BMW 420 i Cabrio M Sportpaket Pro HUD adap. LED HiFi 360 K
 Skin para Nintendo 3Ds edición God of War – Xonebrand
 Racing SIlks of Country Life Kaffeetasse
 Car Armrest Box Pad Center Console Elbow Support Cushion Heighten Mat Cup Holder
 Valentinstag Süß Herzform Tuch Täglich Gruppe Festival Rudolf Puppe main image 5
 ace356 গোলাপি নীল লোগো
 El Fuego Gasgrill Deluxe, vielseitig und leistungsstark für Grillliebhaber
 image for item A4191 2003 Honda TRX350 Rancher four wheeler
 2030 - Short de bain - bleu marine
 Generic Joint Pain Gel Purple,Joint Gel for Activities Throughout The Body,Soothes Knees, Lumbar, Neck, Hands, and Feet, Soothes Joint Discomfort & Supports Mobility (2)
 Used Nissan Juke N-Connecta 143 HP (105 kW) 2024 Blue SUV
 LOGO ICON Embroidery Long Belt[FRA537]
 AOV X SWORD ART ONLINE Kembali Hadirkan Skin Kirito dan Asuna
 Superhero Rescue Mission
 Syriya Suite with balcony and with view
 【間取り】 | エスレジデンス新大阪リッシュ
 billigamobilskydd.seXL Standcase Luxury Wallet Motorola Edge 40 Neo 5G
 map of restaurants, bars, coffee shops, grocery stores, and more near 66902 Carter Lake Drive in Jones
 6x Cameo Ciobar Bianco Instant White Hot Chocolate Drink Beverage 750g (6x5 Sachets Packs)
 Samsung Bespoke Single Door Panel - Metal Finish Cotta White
═══
» ACTIVITY: Lines above with the string "Skin" need to be found and copied.

» EXERCISE RESPONSE:
 Skin para Nintendo 3Ds edición God of War – Xonebrand
 AOV X SWORD ART ONLINE Kembali Hadirkan Skin Kirito dan Asuna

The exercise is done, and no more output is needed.